Confusion Matrix/Accuracy Statistics for learner model

surendramph · November 26, 2016, 5:45am

Hi all,

While developing the classification model, We use the Learner and predictor node, The learner node, generates the model, based on supplied training set data and the predictor mode use the learner model and predict the test set data for accuracy/confusion matrix.

The RF and Treen ensemble learner node has port, where the confusion matrix or accuracy of learner model on training set data, can be explored. Now How can we get the same statitics for training set data in nodes like Decsion tree, NB, SVM, LibSVM.

Thanks

qqilihq · November 27, 2016, 12:08am

The "Scorer" node creates a confusion matrix and accuracy metrics.

P.

surendramph · November 27, 2016, 2:06am

HI, thanks for the comment.
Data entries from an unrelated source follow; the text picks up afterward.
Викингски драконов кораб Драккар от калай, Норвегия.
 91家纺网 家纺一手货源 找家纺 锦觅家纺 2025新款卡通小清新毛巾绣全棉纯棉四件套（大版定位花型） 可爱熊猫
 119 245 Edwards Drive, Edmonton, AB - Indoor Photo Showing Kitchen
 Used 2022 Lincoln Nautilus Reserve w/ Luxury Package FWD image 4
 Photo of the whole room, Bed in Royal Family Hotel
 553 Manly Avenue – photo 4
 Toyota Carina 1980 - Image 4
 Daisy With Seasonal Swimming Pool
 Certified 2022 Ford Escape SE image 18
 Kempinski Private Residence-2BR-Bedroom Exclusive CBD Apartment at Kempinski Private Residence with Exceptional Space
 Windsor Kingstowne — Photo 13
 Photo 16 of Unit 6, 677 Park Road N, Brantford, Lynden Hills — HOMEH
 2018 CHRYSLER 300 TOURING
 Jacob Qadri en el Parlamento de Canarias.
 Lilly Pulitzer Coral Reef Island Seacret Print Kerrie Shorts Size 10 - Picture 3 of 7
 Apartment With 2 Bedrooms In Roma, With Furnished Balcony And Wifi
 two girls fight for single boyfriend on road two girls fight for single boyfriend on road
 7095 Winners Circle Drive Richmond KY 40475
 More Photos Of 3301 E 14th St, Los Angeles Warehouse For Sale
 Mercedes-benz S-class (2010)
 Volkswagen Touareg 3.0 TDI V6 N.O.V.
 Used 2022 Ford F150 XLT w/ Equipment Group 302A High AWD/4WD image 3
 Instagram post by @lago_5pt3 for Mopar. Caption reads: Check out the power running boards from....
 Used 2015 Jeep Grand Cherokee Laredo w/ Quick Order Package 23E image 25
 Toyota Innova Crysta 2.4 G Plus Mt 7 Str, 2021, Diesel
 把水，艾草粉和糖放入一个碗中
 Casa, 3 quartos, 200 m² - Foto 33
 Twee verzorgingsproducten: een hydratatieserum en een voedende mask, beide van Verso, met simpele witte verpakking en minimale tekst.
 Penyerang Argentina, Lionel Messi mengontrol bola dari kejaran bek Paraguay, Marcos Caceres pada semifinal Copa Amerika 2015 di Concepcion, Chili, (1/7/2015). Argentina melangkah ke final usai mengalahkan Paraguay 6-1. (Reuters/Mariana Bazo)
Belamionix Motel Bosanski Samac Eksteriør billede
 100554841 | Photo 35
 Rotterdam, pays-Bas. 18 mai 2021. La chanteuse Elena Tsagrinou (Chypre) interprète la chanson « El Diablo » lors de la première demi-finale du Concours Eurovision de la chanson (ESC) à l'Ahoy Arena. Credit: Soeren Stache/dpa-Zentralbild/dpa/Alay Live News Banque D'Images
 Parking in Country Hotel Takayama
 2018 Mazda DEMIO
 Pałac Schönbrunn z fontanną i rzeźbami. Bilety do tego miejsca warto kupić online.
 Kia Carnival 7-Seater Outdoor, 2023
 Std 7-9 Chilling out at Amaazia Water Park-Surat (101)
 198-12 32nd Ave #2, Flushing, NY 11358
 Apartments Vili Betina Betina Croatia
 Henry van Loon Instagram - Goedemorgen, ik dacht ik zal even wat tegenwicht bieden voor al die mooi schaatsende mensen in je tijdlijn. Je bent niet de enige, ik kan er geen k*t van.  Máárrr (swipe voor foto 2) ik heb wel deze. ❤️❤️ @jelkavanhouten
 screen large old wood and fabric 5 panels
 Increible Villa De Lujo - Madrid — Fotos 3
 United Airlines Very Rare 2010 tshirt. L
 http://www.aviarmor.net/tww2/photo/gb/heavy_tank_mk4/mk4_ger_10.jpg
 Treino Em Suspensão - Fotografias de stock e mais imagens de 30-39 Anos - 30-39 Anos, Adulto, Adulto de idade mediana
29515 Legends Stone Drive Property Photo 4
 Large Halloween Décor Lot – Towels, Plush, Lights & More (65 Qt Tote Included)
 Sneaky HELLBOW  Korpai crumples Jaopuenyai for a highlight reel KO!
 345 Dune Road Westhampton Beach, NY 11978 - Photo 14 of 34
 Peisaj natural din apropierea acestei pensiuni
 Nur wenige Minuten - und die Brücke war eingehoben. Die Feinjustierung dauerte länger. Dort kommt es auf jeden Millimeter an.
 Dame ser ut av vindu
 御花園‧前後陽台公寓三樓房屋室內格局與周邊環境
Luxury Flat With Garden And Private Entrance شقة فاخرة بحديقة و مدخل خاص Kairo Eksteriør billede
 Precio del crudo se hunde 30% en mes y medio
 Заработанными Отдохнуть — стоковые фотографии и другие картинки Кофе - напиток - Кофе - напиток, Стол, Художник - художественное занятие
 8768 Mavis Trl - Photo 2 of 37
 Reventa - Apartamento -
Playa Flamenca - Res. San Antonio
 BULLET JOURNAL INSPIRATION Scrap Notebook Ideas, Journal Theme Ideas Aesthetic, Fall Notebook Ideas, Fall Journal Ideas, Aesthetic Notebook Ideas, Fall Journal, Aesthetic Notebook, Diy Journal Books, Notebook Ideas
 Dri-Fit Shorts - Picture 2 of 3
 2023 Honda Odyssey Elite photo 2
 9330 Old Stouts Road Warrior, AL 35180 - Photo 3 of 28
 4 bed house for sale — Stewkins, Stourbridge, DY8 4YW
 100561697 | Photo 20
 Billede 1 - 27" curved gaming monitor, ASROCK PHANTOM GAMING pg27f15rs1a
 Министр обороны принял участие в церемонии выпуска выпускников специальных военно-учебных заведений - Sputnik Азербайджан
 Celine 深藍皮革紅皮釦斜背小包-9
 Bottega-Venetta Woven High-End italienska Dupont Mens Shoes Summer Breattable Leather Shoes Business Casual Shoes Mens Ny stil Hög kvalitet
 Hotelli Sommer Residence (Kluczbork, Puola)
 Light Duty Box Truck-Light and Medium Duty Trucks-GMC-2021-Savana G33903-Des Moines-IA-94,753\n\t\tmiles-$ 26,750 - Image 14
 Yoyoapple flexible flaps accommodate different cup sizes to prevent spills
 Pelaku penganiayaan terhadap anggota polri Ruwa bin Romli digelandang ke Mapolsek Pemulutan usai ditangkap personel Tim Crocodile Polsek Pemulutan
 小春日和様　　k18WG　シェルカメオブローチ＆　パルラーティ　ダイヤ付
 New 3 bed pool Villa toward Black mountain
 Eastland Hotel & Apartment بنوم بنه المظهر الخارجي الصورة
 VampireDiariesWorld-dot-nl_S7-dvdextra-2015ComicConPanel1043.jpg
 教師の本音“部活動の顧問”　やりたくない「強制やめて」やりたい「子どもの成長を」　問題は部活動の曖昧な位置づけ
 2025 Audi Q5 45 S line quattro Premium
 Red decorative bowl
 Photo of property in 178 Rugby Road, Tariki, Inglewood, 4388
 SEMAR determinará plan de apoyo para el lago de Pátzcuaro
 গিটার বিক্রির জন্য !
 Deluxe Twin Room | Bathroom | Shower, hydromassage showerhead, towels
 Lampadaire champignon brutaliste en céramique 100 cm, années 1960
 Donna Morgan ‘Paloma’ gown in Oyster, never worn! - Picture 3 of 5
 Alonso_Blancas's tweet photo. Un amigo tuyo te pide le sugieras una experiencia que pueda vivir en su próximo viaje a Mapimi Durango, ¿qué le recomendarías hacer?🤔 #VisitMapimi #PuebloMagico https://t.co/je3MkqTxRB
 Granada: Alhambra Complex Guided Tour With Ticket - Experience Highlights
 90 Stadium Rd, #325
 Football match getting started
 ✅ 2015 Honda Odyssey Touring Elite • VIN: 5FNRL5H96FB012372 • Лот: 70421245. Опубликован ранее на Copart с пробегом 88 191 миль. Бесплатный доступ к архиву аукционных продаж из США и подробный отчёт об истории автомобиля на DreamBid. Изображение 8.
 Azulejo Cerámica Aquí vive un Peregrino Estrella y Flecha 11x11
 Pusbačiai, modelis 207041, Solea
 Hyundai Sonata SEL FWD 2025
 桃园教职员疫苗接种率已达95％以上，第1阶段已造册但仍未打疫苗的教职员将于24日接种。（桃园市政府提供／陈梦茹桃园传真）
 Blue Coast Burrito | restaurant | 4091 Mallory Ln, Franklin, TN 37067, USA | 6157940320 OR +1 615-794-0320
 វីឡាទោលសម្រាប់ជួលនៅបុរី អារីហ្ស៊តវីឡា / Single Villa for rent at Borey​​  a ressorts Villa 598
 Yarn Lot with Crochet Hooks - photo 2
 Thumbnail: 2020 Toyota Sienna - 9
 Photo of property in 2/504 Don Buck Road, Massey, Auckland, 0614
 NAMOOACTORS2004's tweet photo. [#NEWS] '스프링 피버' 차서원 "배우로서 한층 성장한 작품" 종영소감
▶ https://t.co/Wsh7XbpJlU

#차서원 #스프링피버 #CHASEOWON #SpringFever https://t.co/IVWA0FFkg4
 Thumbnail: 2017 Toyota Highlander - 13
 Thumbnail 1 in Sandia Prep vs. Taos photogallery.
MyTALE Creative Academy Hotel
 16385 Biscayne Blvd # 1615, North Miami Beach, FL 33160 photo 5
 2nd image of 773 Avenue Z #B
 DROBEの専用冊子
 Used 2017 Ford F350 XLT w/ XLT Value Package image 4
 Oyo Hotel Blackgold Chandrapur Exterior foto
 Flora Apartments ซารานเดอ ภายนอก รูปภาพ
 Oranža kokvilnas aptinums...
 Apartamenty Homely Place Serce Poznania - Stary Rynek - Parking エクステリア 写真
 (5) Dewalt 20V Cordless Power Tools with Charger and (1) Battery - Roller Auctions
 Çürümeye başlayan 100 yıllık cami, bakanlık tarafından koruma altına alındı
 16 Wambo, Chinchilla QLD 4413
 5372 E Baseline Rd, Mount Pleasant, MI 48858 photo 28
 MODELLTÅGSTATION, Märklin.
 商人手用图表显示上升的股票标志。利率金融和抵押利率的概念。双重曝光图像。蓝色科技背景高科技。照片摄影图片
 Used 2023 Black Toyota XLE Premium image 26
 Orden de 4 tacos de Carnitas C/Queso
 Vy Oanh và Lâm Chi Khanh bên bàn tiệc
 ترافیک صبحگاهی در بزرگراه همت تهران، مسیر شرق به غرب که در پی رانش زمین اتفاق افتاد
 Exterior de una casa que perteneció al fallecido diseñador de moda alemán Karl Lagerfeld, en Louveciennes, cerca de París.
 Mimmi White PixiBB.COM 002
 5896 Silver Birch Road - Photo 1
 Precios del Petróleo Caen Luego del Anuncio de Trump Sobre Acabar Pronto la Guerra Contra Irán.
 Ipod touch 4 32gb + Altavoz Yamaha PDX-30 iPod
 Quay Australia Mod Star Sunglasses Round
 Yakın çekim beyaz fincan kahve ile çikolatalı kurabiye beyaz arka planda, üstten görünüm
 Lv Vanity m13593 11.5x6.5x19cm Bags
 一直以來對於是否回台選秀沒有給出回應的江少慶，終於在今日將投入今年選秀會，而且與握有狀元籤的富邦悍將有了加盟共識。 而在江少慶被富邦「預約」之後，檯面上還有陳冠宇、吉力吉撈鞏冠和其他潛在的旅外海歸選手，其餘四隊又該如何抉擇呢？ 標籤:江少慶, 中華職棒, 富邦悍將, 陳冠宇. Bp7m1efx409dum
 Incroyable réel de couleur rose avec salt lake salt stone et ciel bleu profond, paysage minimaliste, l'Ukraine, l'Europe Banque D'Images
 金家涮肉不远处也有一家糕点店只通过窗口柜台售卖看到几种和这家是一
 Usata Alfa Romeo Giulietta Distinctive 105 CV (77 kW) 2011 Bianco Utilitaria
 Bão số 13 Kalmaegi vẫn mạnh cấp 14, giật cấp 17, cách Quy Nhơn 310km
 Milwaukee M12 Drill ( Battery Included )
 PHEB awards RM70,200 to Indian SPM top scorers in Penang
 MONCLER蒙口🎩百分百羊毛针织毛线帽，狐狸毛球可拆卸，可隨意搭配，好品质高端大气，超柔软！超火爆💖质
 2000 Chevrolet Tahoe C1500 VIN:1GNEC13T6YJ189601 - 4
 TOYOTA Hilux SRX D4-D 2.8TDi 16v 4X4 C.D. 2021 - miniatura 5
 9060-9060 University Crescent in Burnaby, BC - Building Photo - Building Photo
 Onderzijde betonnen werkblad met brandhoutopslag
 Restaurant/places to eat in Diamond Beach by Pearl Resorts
Yes ""Scorer" node can get you confusion matric and accuracy metrics and this one can be obtained from predictor node by linking to Scorer node, but it will give the metrics for test set.

But i want to see the confusion matrics for trainig set data, so can u tell me where to link the "scorer" node to learner node specifically with Decision tree, NB and SVM learner node.

thanks

Geo · November 29, 2016, 10:04pm

Scorer gives you the stats for ANY data set you feed it with. If you want optimize for a stat, you'll have to look into the optimizer nodes, which will involve Scorer in such a setting.

EDIT: I should have added what follows. To obtain the scores for the train set, you'll simply connect the Learner node to the Predictor node as usual and instead of feeding the test set to Predictor, you'll feed the train set this time. Then put a Scorer need next to it and there you go.

surendramph · December 1, 2016, 4:42am

Thank you very much Geo...

Ornelasma1392 · November 16, 2019, 8:34pm

I have noticed that depending on who you ask Confusion Matrix’ can be set up with the with Actual and Predicted Values on different Axis. I am pretty new to Data Science and it makes it pretty tough for me to understand. For KNIME Scorer Node are the Predicted Variables on the Left Side Column and the Actual Variables at the Top.

ScottF · November 18, 2019, 6:17pm

Hi @Ornelasma1392 -

Using the Scorer node configuration, if you use the true value in the first column and the prediction in the second column, then in the confusion matrix you will see the actuals in the rows and the predictions in the columns.

This is a little more explicit if you use the Scorer (Javascript) node instead:

Hope that helps.